Data for analysis: Begin

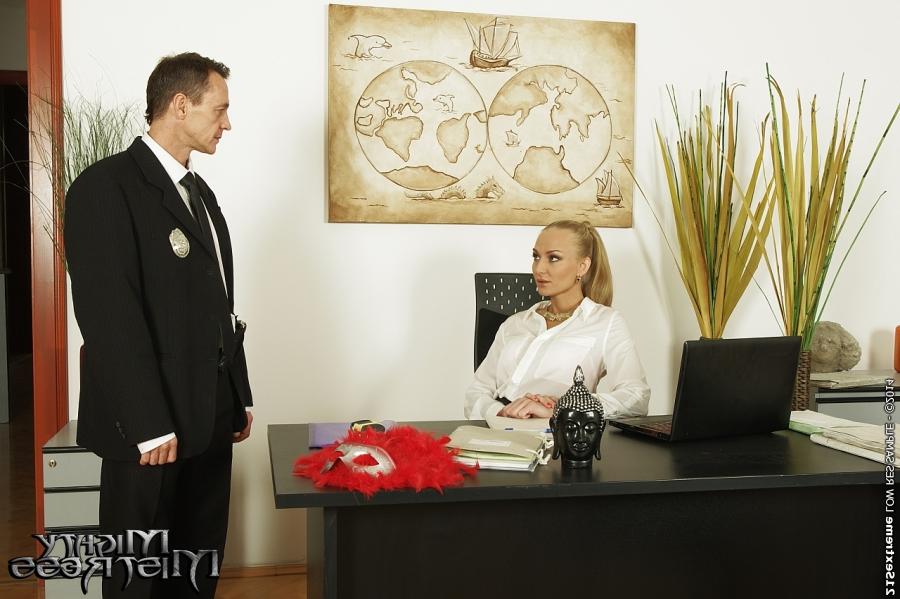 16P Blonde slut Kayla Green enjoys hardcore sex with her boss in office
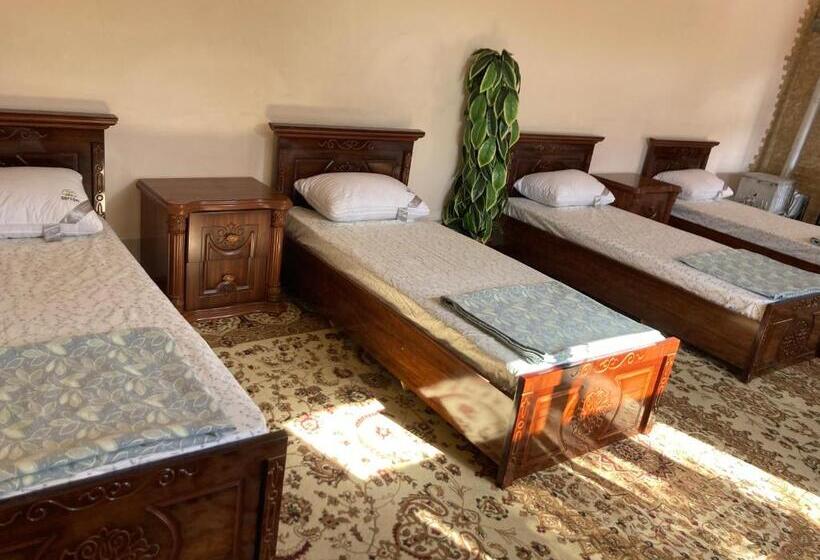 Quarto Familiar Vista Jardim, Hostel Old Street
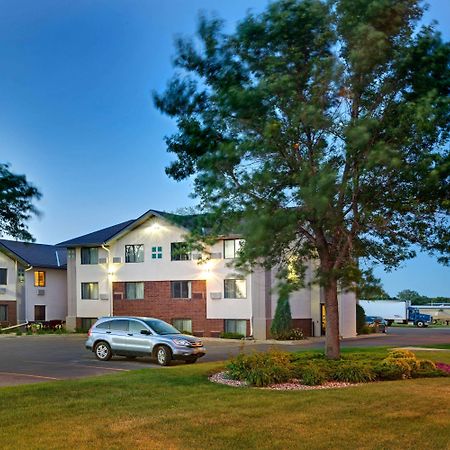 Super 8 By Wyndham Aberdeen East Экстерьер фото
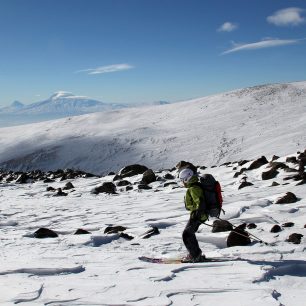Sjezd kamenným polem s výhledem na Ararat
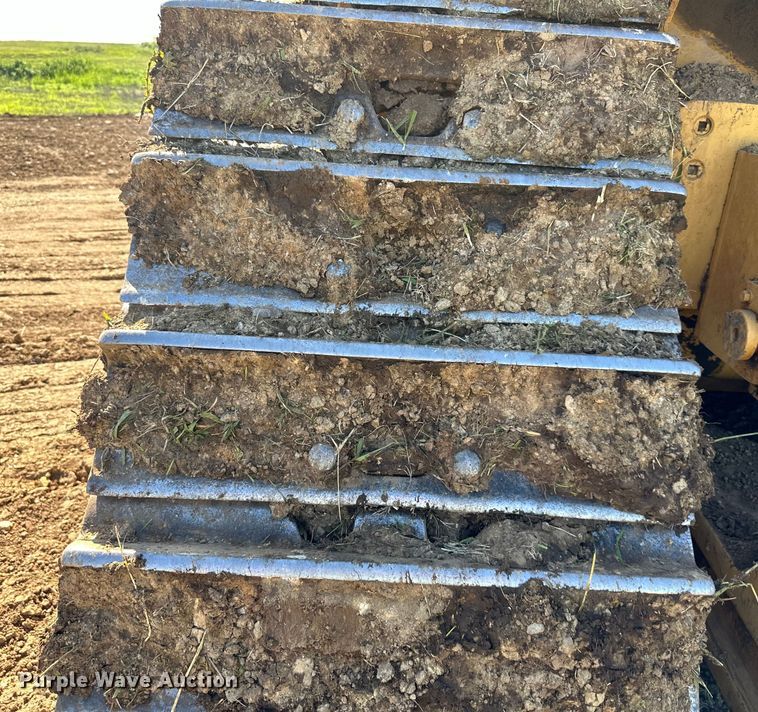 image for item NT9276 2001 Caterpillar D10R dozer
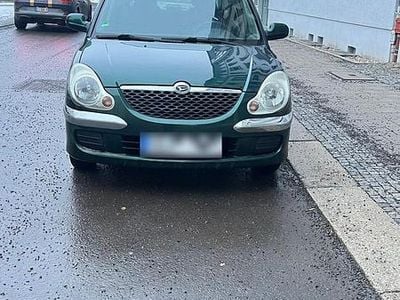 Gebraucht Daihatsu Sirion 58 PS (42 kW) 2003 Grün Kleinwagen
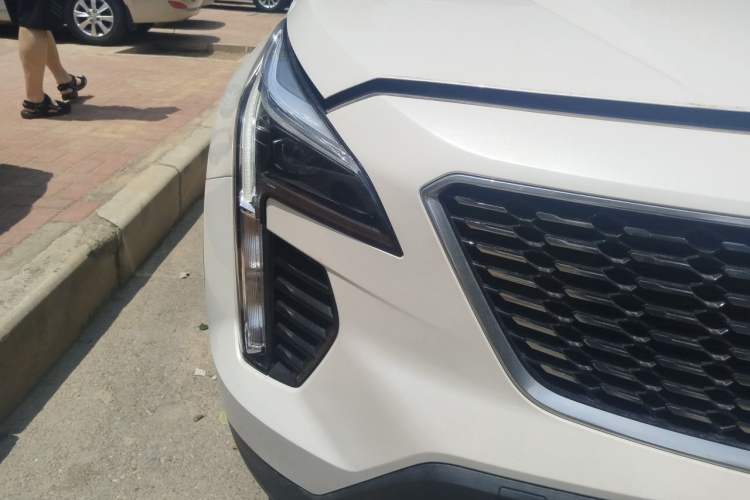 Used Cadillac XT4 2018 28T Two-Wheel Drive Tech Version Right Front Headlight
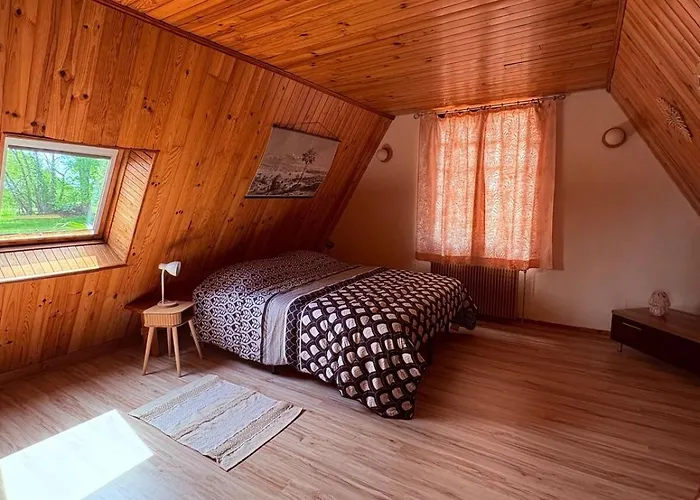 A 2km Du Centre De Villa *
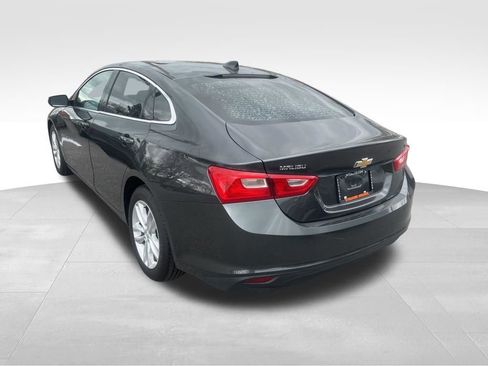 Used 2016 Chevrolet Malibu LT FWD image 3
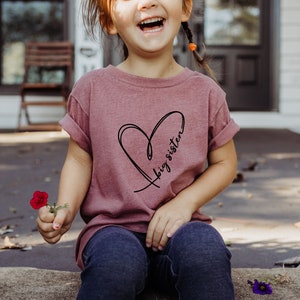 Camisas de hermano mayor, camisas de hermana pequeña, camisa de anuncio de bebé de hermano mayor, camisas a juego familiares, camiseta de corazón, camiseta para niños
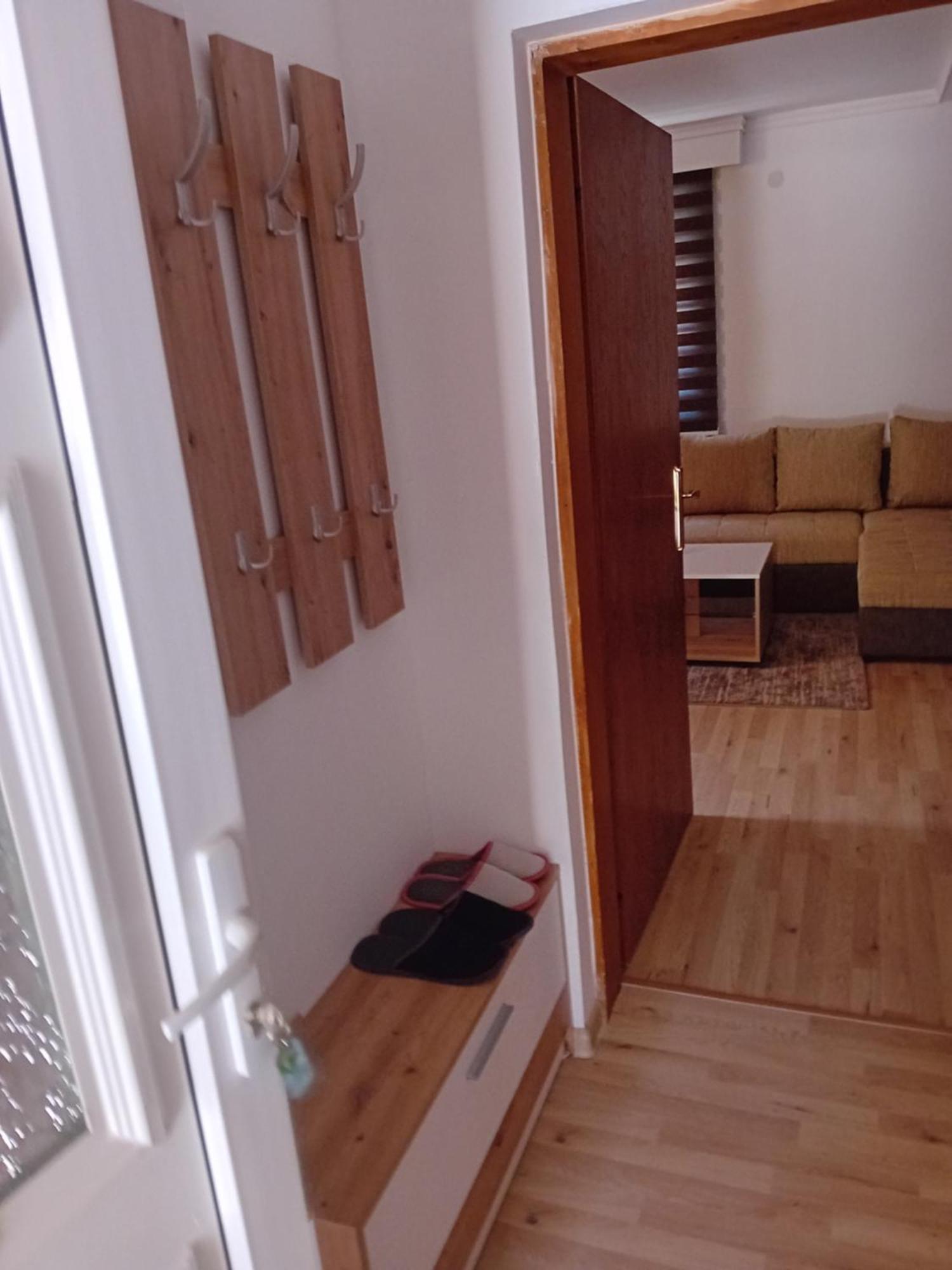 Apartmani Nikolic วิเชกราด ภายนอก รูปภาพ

Data for analysis: End
Data for analysis: Begin

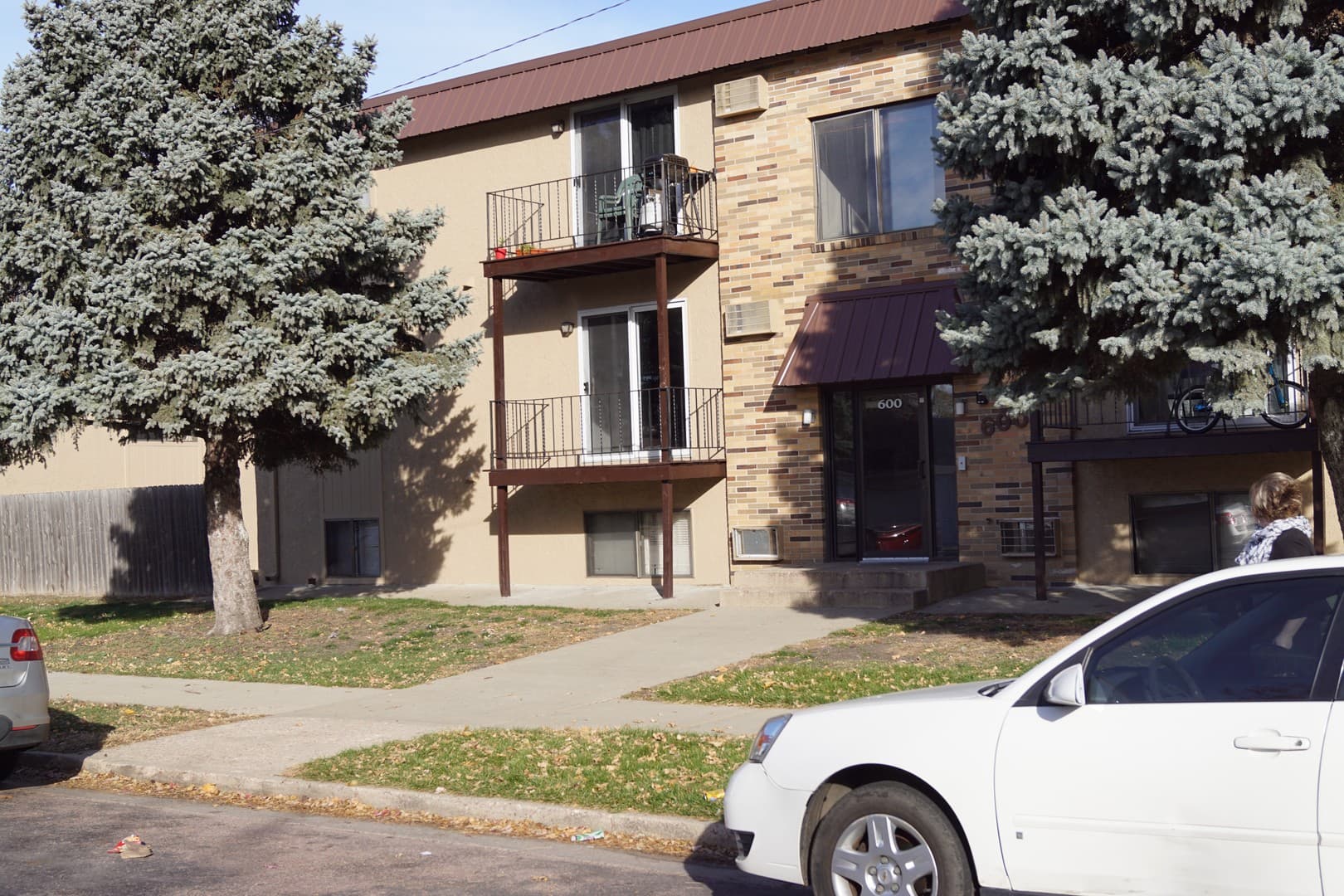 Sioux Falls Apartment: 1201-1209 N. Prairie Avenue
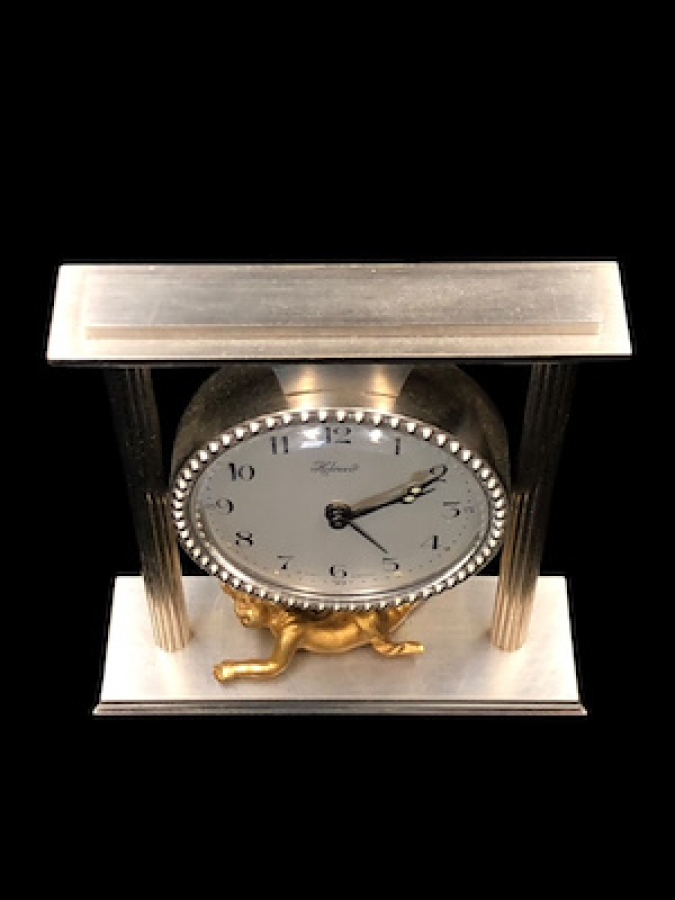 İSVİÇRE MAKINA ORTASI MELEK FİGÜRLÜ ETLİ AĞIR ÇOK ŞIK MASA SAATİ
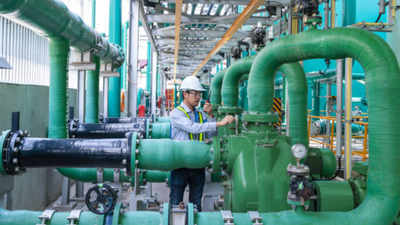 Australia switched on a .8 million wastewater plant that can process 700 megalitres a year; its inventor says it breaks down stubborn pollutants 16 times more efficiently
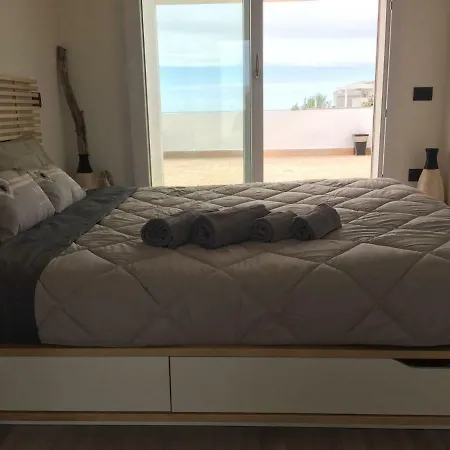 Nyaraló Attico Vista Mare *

Data for analysis: End

Required work:
For the material above, give again only the lines starting at the line that contains "Gebraucht Daihatsu Sirion" and ending at the line that contains "Apartmani Nikolic วิเชกราด ภายนอก รูปภาพ". Pictures do not belong in the copy.

Task output:
 Gebraucht Daihatsu Sirion 58 PS (42 kW) 2003 Grün Kleinwagen
 Used Cadillac XT4 2018 28T Two-Wheel Drive Tech Version Right Front Headlight
 A 2km Du Centre De Villa *
 Used 2016 Chevrolet Malibu LT FWD image 3
 Camisas de hermano mayor, camisas de hermana pequeña, camisa de anuncio de bebé de hermano mayor, camisas a juego familiares, camiseta de corazón, camiseta para niños
 Apartmani Nikolic วิเชกราด ภายนอก รูปภาพ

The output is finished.